Physical aspects and cytoplasmic distribution of messenger RNA in mouse kidney

Abstract

As a prerequisite to examining mRNA metabolism in compensatory renal hypertrophy, polyadenylated RNA has been purified from normal mouse kidney polysomal RNA by selection on oligo(dT)-cellulose. Poly(A)-containing RNA dissociated from polysomes by treatment with 10 mM EDTA and sedimented heterogeneously in dodecyl sulfate-containing sucrose density gradients with a mean sedimentation coefficient of 20 S. Poly(A) derived from this RNA migrated at the rate of 6–7 S RNA in dodecyl sulfate-containing 10% poly-acrylamide gels. Coelectrophoresis of poly(A) labeled for 90 min with poly(A) labeled for 24 h indicated the long-term labeled poly(A) migrated faster than pulse-labeled material.
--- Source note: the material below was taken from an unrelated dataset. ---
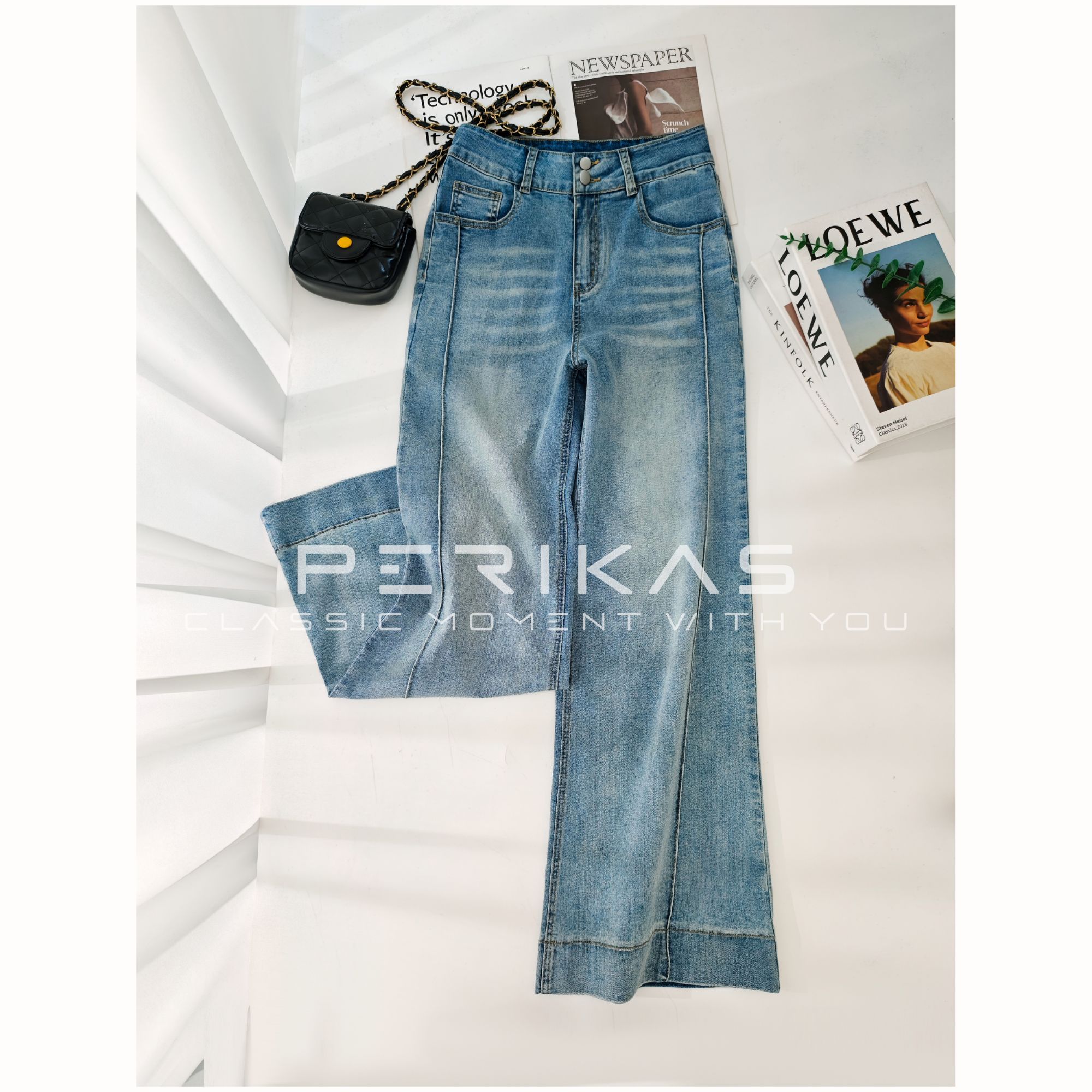 【通用962】春款水冰蓝新品显高显瘦时尚百搭牛仔裤女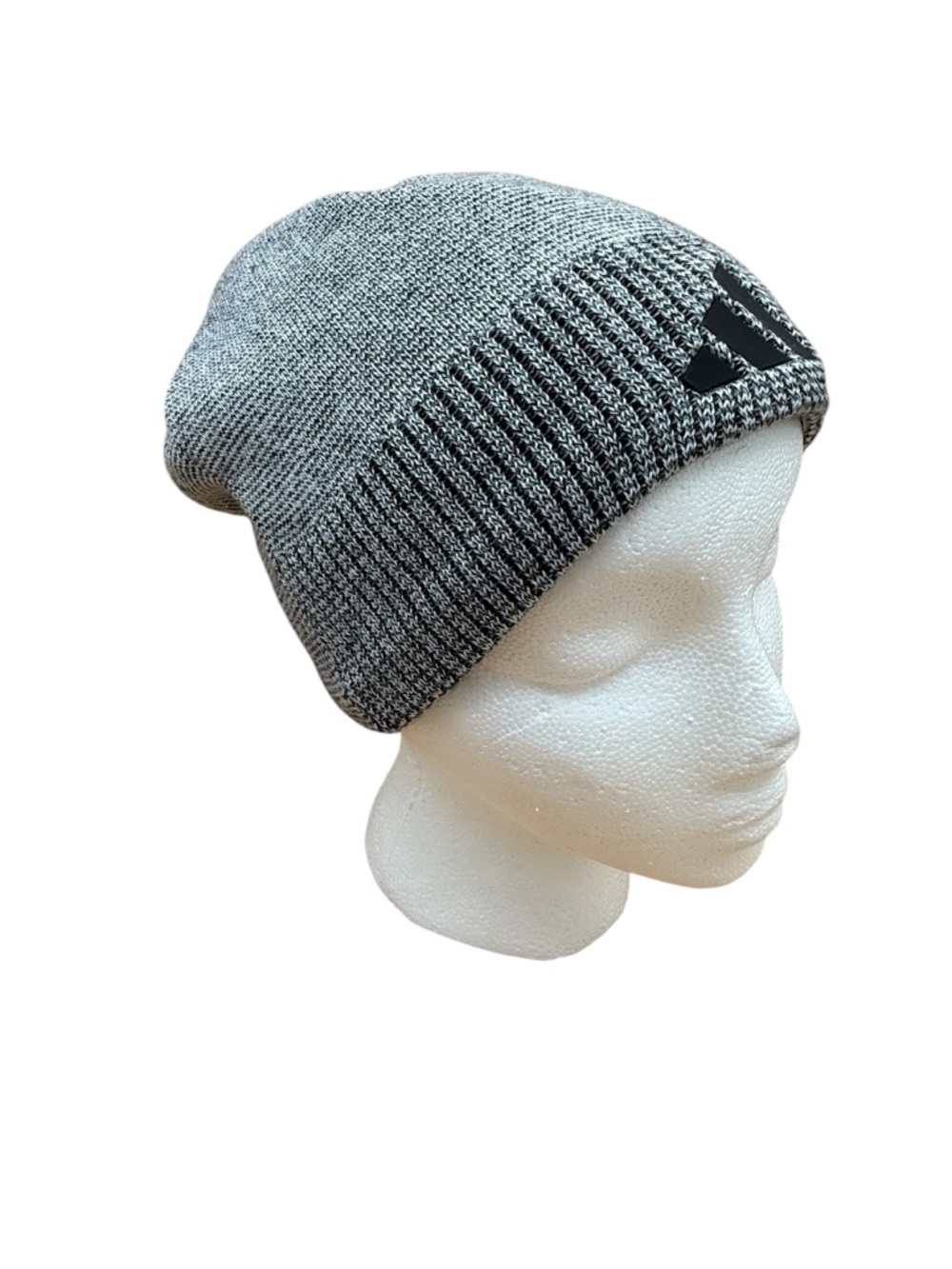 adidas Aeroready Grey Knit Beanie with Black Logo Patch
Twenty percent of the cytoplasmic poly(A)-containing mRNA was not associated with the polysomes, but sedimented in the 40–80 S region (post-polysomal). Messenger RNA from the post-polysomal region had sedimentation properties similar to those of mRNA prepared from polysomes indicating post-polysomal mRNA was not degraded polysomal mRNA. Preliminary labeling experiments indicated a rapid equilibration of radioactivity between the polysomal and post-polysomal mRNA populations, suggesting the post-polysomal mRNA may consist of mRNA in transit to the polysomes.